[Collected data entries]
--
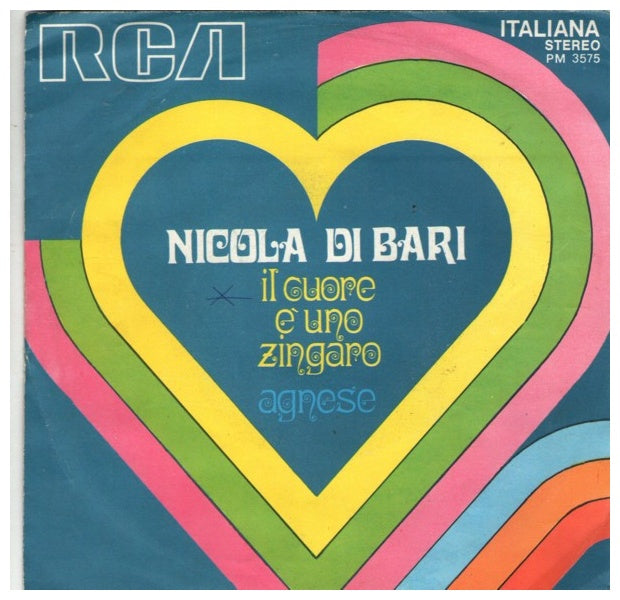 NICOLA - IL CUORE E'UNO ZINGARO | 7" SINGLE VINILO USADO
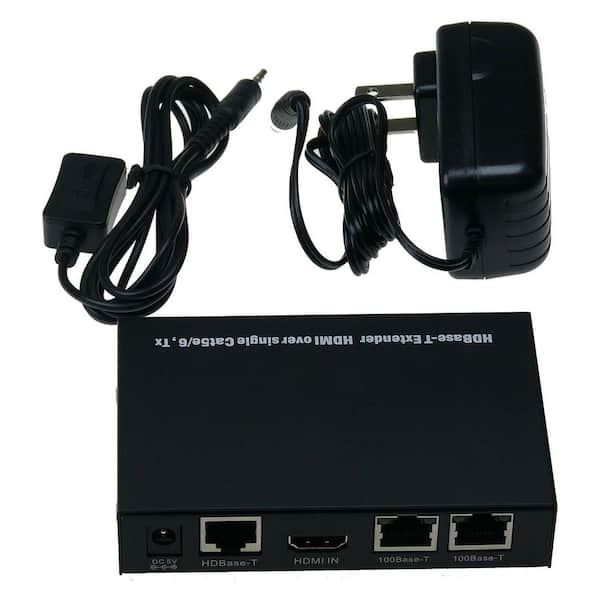 NTW HDBase-T HDMI and Networking Surface Box Extender with Cat5e/6 Ready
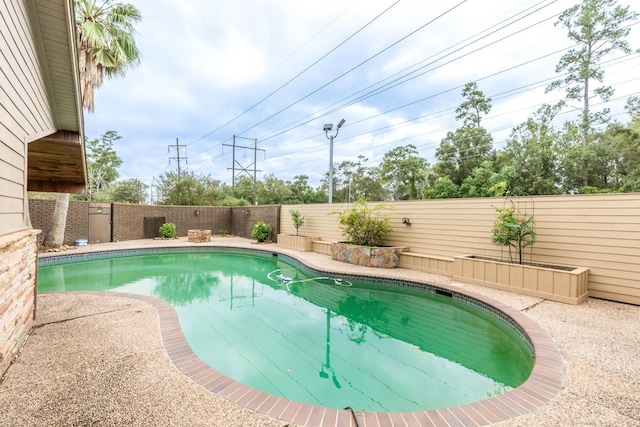 view of pool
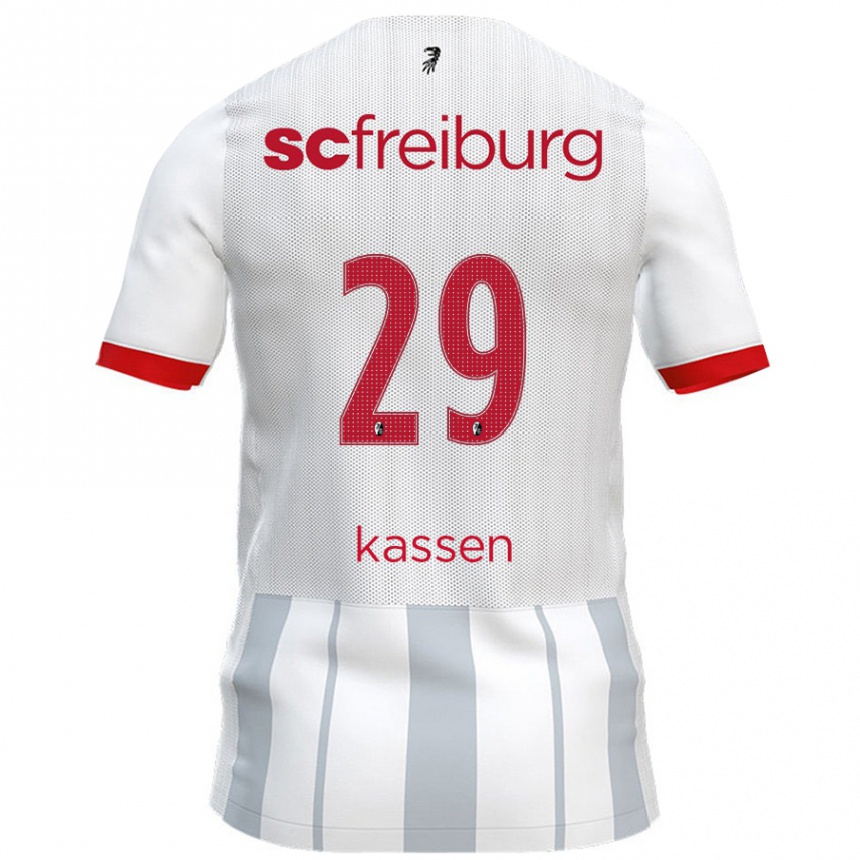 Kids Football Julia Kassen #29 White Grey Away Jersey 2024/25 T-Shirt Canada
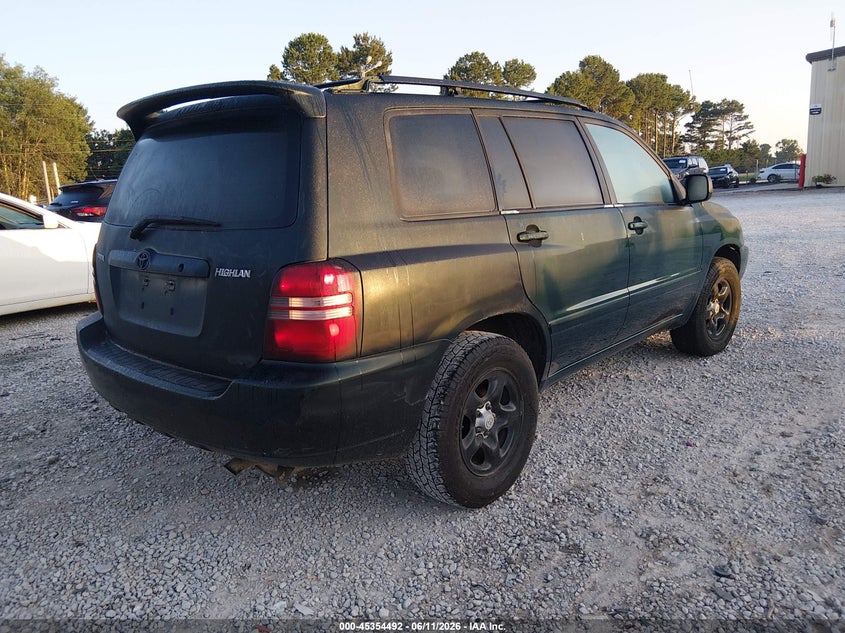 2003 Toyota Highlander VIN JTEGF21A630078847 IAAI salvage auction — NORMAL WEAR, Clear (Alabama), sold $425 on 2026-07-13 (photo 4)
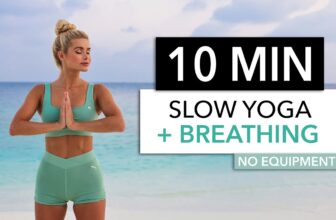 10 MIN SLOW YOGA + BREATHING – Anti Stress / for mornings, before bed or after a workout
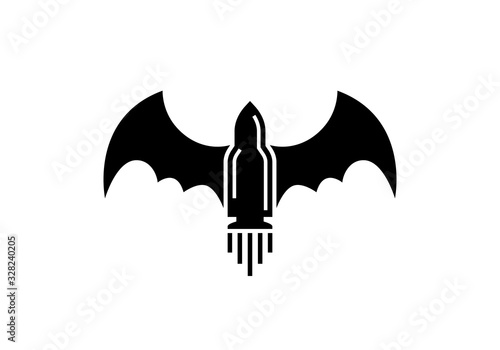 Bat logo, concept with gun bullet.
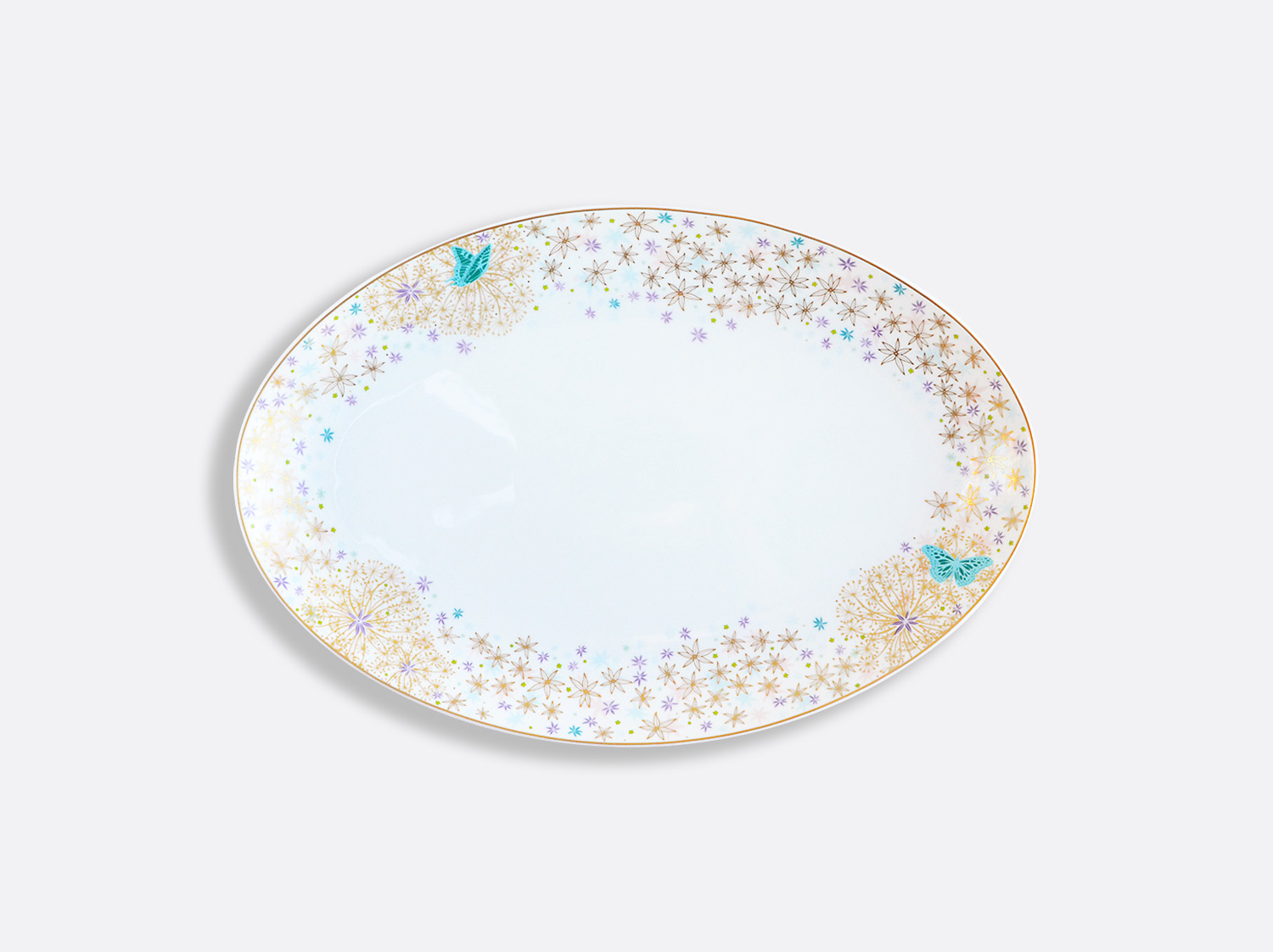 China Oval platter 13'' of the collection FÉERIE - MICHAËL CAILLOUX | Bernardaud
--
**TASK OBJECTIVE**
Repeat each entry precisely as it appears. Leave the pictures out.

**EXERCISE RESULT**
 NICOLA - IL CUORE E'UNO ZINGARO | 7" SINGLE VINILO USADO
 NTW HDBase-T HDMI and Networking Surface Box Extender with Cat5e/6 Ready
 view of pool
 Kids Football Julia Kassen #29 White Grey Away Jersey 2024/25 T-Shirt Canada
 2003 Toyota Highlander VIN JTEGF21A630078847 IAAI salvage auction — NORMAL WEAR, Clear (Alabama), sold $425 on 2026-07-13 (photo 4)
 10 MIN SLOW YOGA + BREATHING – Anti Stress / for mornings, before bed or after a workout
 Bat logo, concept with gun bullet.
 China Oval platter 13'' of the collection FÉERIE - MICHAËL CAILLOUX | Bernardaud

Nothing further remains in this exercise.